| DESCRIPTION OF THE TASK |
Repeat each record exactly. Any picture gets left out.

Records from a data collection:
╭──
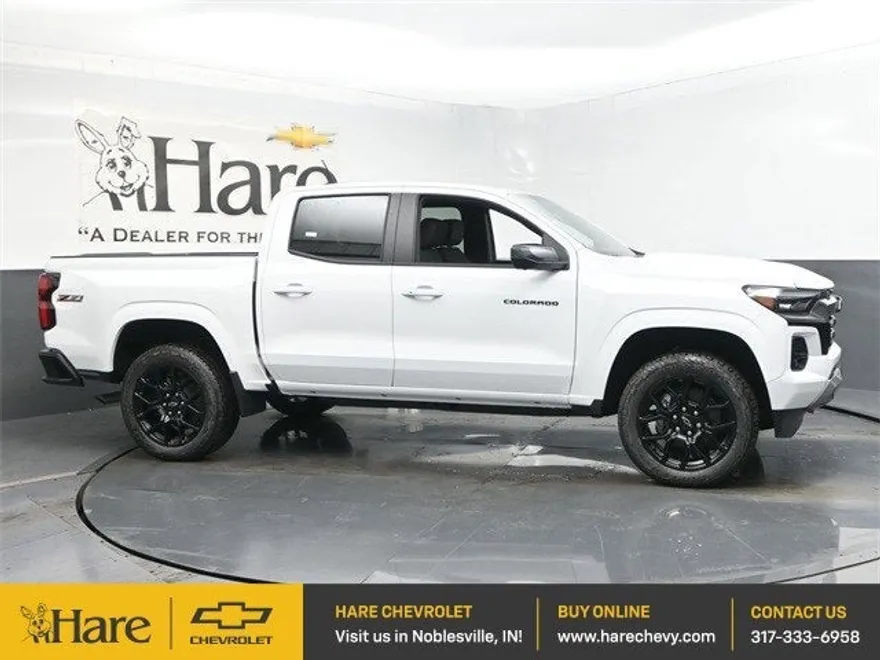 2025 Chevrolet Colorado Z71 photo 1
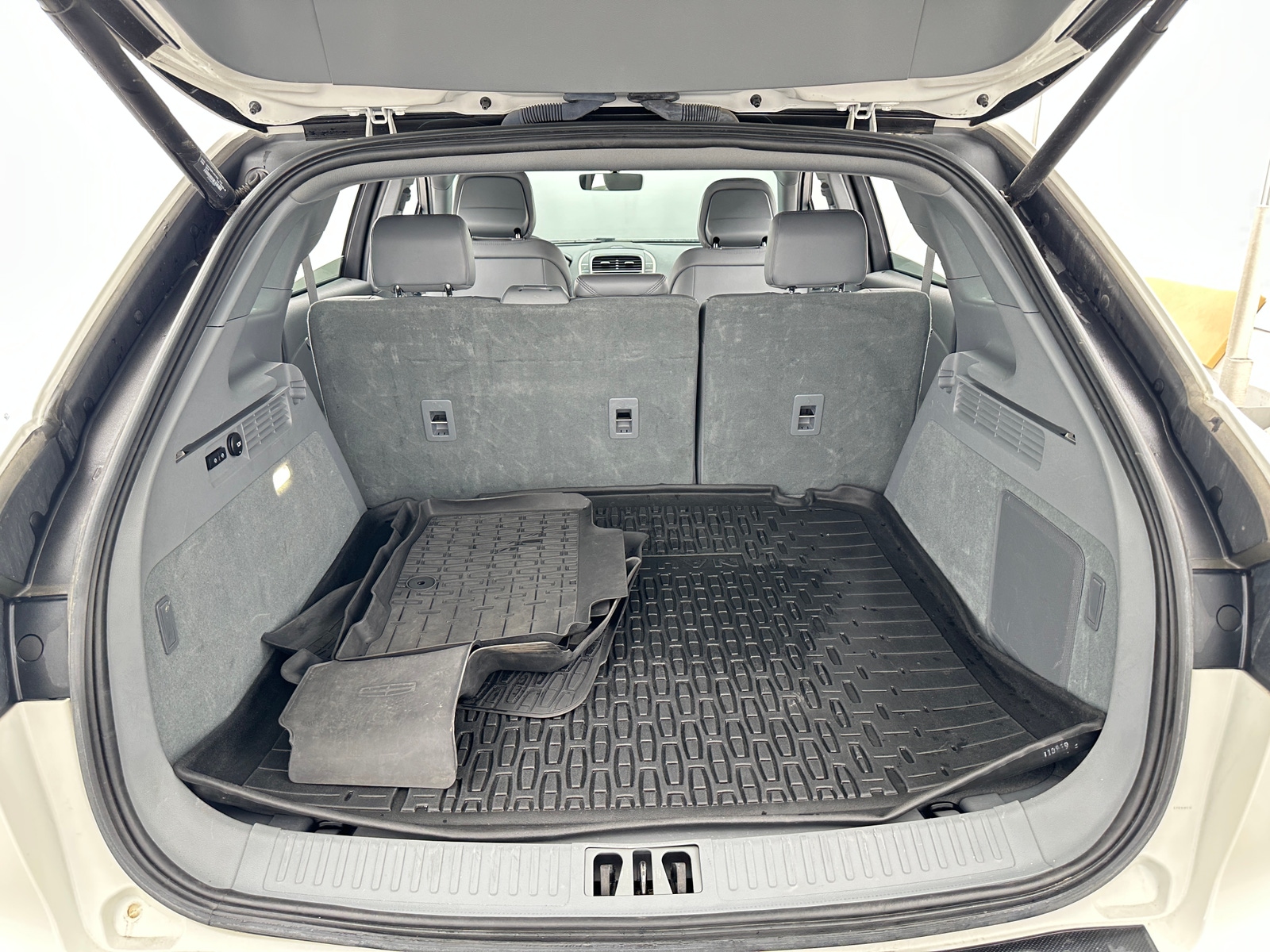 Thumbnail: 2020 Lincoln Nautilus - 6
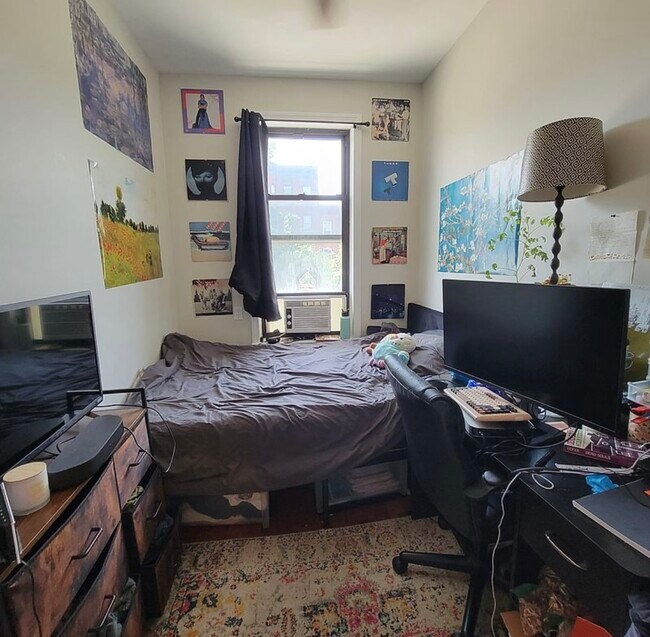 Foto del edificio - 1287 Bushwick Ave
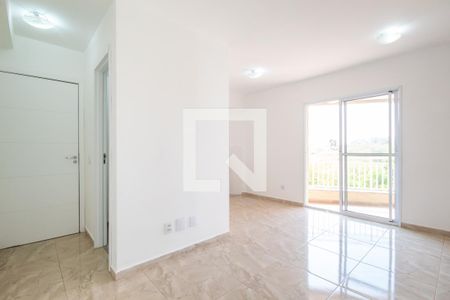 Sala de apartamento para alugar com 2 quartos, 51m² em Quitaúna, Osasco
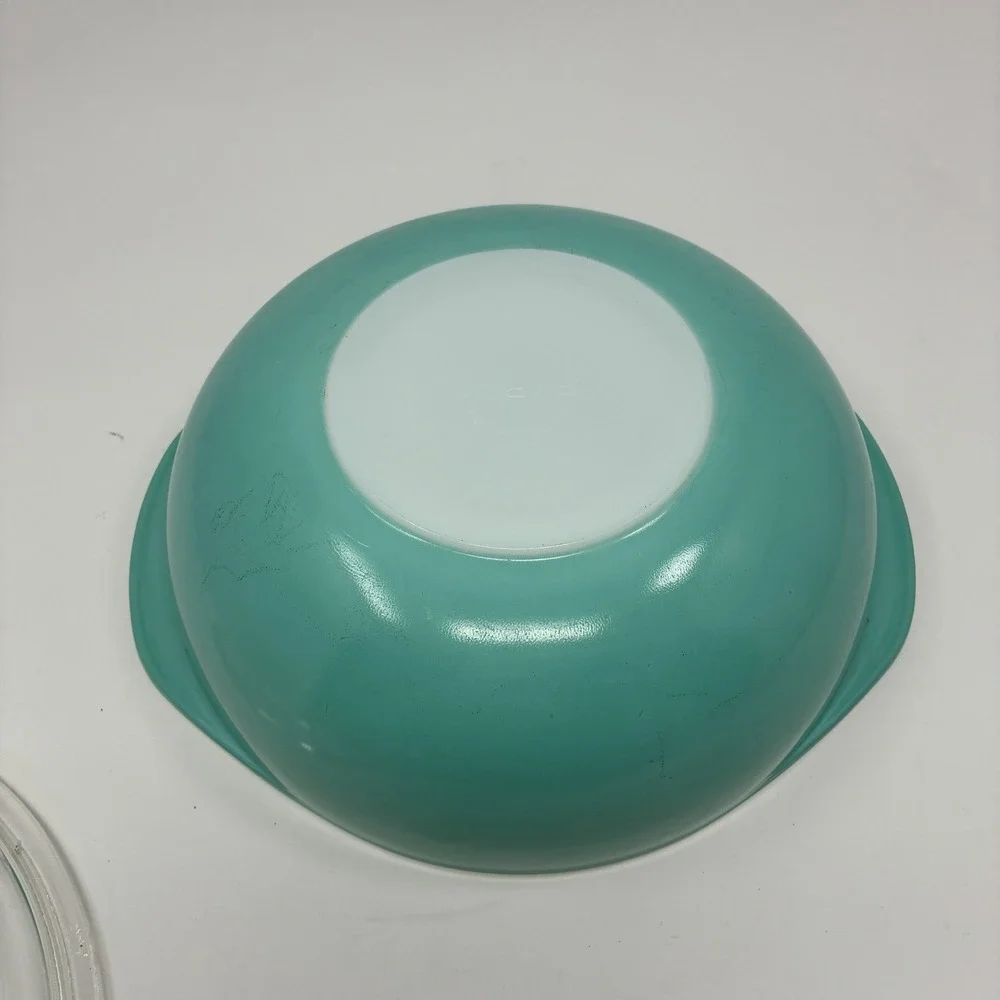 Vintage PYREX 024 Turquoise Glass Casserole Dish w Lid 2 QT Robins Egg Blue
╰──
| FINAL ANSWER |
 2025 Chevrolet Colorado Z71 photo 1
 Thumbnail: 2020 Lincoln Nautilus - 6
 Foto del edificio - 1287 Bushwick Ave
 Sala de apartamento para alugar com 2 quartos, 51m² em Quitaúna, Osasco
 Vintage PYREX 024 Turquoise Glass Casserole Dish w Lid 2 QT Robins Egg Blue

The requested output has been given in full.